■ YOUR GOAL
For each entry, restate it word for word while omitting any image it holds.

■ MATERIAL FOR THE TASK
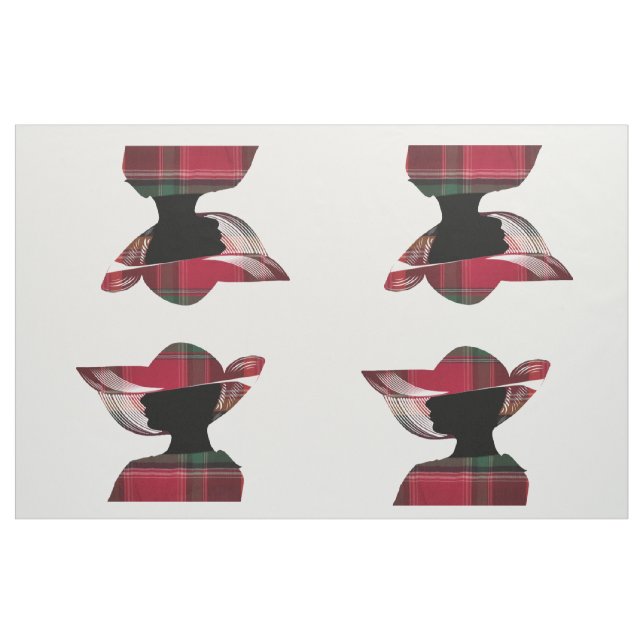 Fyra kvinnor Silhouette Hat Madras Play Mönster Tyg (Yard)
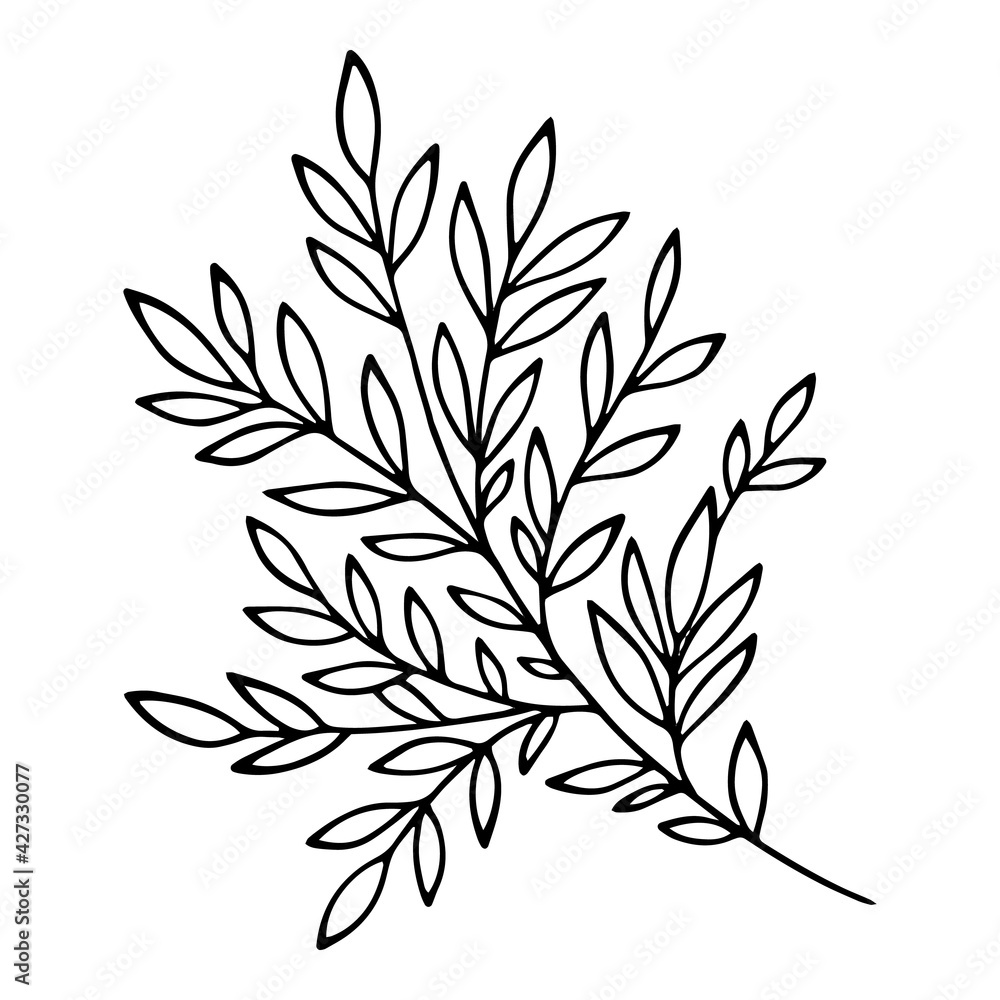 Tree branch icon, hand drawn and outline style Tree branch icon, hand drawn and outline style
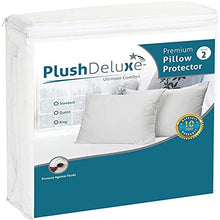 Load image into Gallery viewer, PlushDeluxe Premium Pillow Protector 100% Waterproof Proof and Soft Cotton Terry (Set of 2) 10 Year Warranty (Standard)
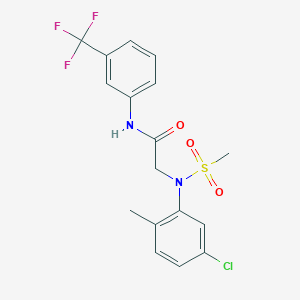 molecular formula C17H16ClF3N2O3S B3696604 N~2~-(5-chloro-2-methylphenyl)-N~2~-(methylsulfonyl)-N~1~-[3-(trifluoromethyl)phenyl]glycinamide 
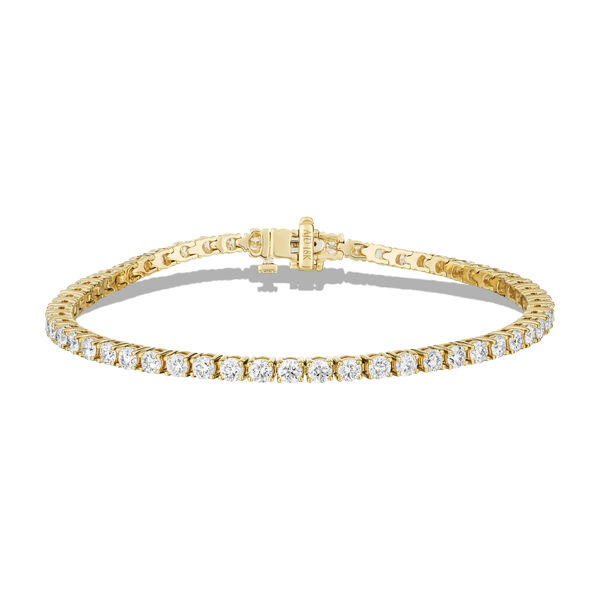Diamond line bracelet in yellow gold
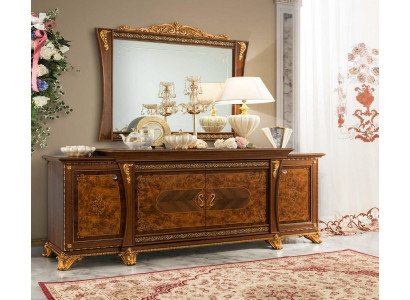 Sideboard mit Spiegel Anrichte Sideboards Holz Schrank Möbel Kommoden Braun Neu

■ RESULT
 Fyra kvinnor Silhouette Hat Madras Play Mönster Tyg (Yard)
 Tree branch icon, hand drawn and outline style Tree branch icon, hand drawn and outline style
 Load image into Gallery viewer, PlushDeluxe Premium Pillow Protector 100% Waterproof Proof and Soft Cotton Terry (Set of 2) 10 Year Warranty (Standard)
 molecular formula C17H16ClF3N2O3S B3696604 N~2~-(5-chloro-2-methylphenyl)-N~2~-(methylsulfonyl)-N~1~-[3-(trifluoromethyl)phenyl]glycinamide 
Diamond line bracelet in yellow gold
 Sideboard mit Spiegel Anrichte Sideboards Holz Schrank Möbel Kommoden Braun Neu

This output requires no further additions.